自動車技術会(JSAE、会長:大津啓司氏(本田技研工業))は横浜市のパシフィコ横浜で、「2024年春季大会」会期中の5月23日に「第74 回自動車技術会賞」授賞式を開催した。
自動車技術会賞は、1951年に自動車工学および自動車技術の向上発展を奨励することを目的として設けられ、自動車技術における多大な貢献・功績に対し贈呈されている。トライボロジー関連では今回、以下のとおり表彰がなされた。
技術開発賞
「高EGR内燃機関用高耐食低摩耗ピストンシールシステムの開発」
平山勇人氏・金子格三氏・高木裕介氏・田井中直也氏(日産自動車)、篠原章郎氏(リケン(現リケンNPR))
カーボンニュートラル実現に向けたCO2削減のためエンジン燃費改善は最重要課題。EGR率向上による排気凝縮水の増加や硫黄含有燃料により、ボア腐食環境が厳しくなっている。これらの背景から、耐食性を向上したステンレス溶射ボアを開発したが、溶射膜の表面気孔増加によるオイル消費の助長、しゅう動相手材のダイヤモンドライクカーボン(DLC)膜を成膜したピストンリングのアブレシブ摩耗が課題だった。

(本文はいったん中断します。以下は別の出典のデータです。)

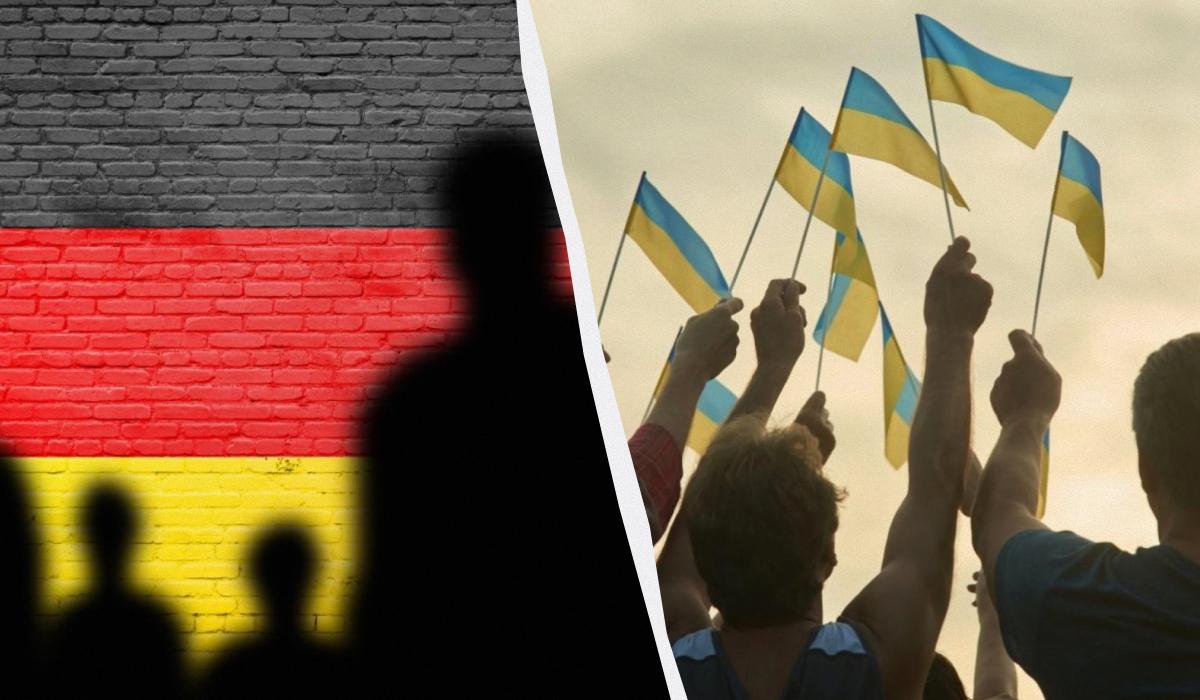 Отмена помощи для всех украинских беженцев: в немецком правительстве сделали заявление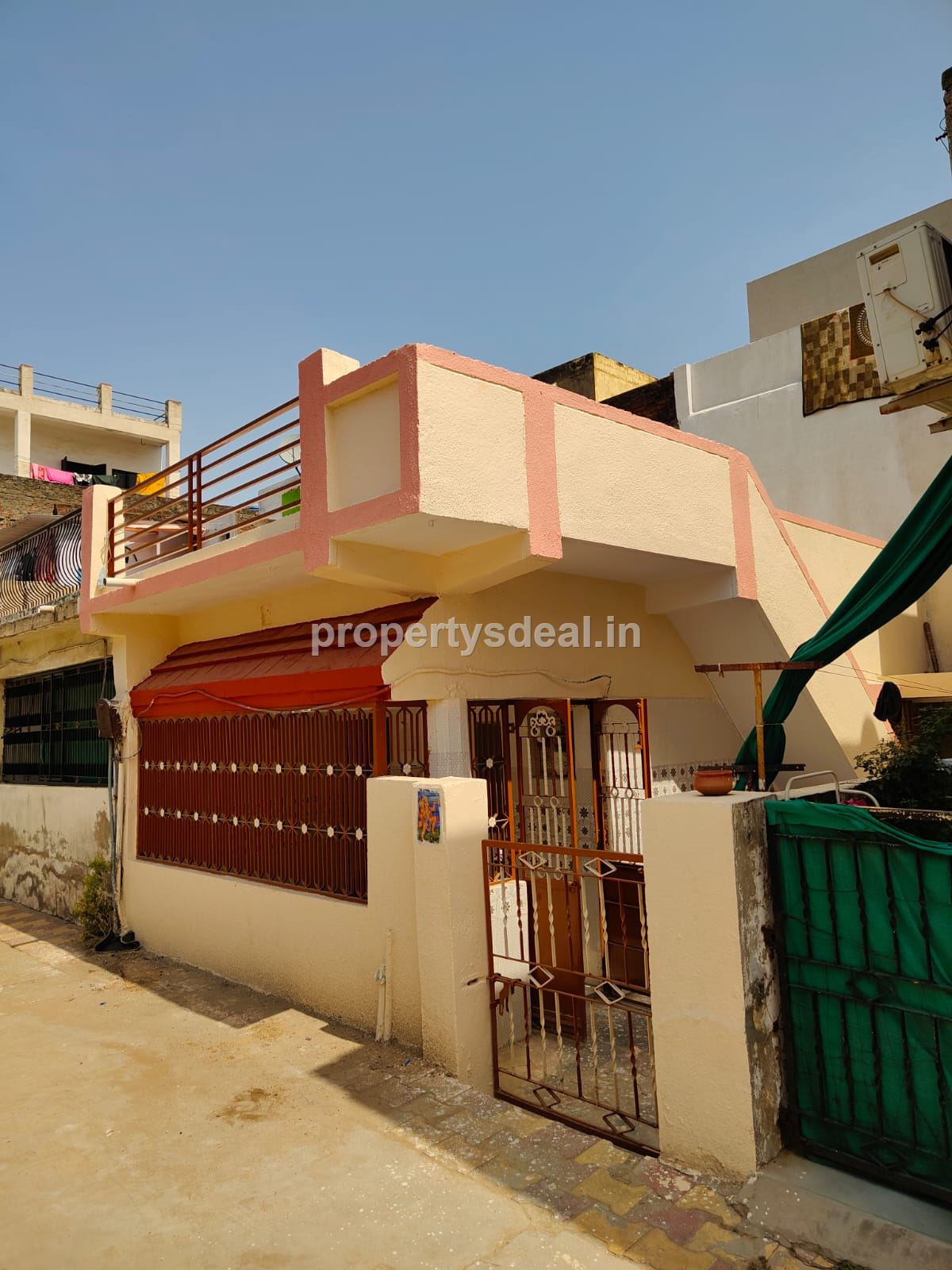 Banglous For Sale In Naroda Nikol Road , Ahmedabad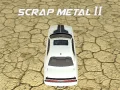 Žaidimas Metalo Atliekos 2 internete Žaidimas Metalo Atliekos 2 internete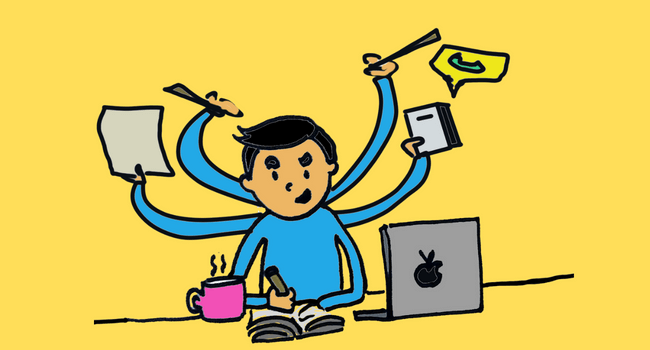 How to concentrate better - HabitStrong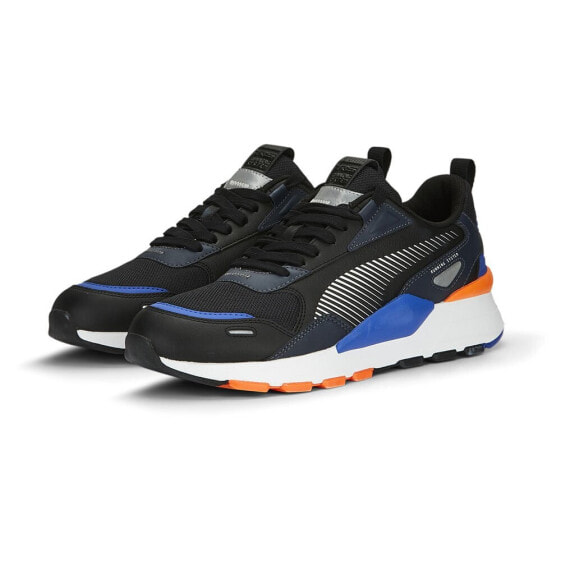 PUMA SELECT Rs 3.0 Synth Pop trainers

本開発では、溶射膜組織の硬質相を低減し、表面気孔が少ないオイル消費抑制表面を形成できることを見いだした。また、DLC膜の硬度を下げることで脱落したドロップレット形状に倣って変形することにより、高耐摩耗性を実現した。ステンレス溶射ボアと低硬度DLCピストンリングの組み合わせでEGR率20%を成立し、燃費を4%向上させた。本開発での知見は、EGR率30%以上の実現、腐食環境が厳しいバイオ燃料等のカーボンニュートラル燃料の拡大に適用可能な成果であることが高く評価された。
技術開発賞
「世界最高水準の伝達効率をもつ高効率固定式等速ジョイント」
藤尾輝明氏・船橋雅司氏・﨑原立己氏(NTN)
カーボンニュートラルの実現に向けてCO2排出量削減が急務となる中、自動車の駆動部品である等速ジョイント(CVJ)はエンジンやモーターの動力をタイヤに伝達するための回転軸であり、高効率化の必要性が高い部品の一つである。
そこで受賞者らは、タイヤ側に搭載される固定式CVJの従来の構造概念を大きく変え、ボールが転がる転動溝が内輪・外輪で互いに交差するとともに、隣り合う転動溝が互い違いに傾斜した独自の「スフェリカルクロスグルーブ構造」を開発した。その構造によってCVJの内部部品間に発生する力を相殺でき、世界最高水準の高効率化(従来品に対しトルク損失率を50%以上低減)と軽量・コンパクトを達成した。本技術が適用されることで、自動車の燃費・電費向上やCO2排出量削減に貢献できることが高く評価された。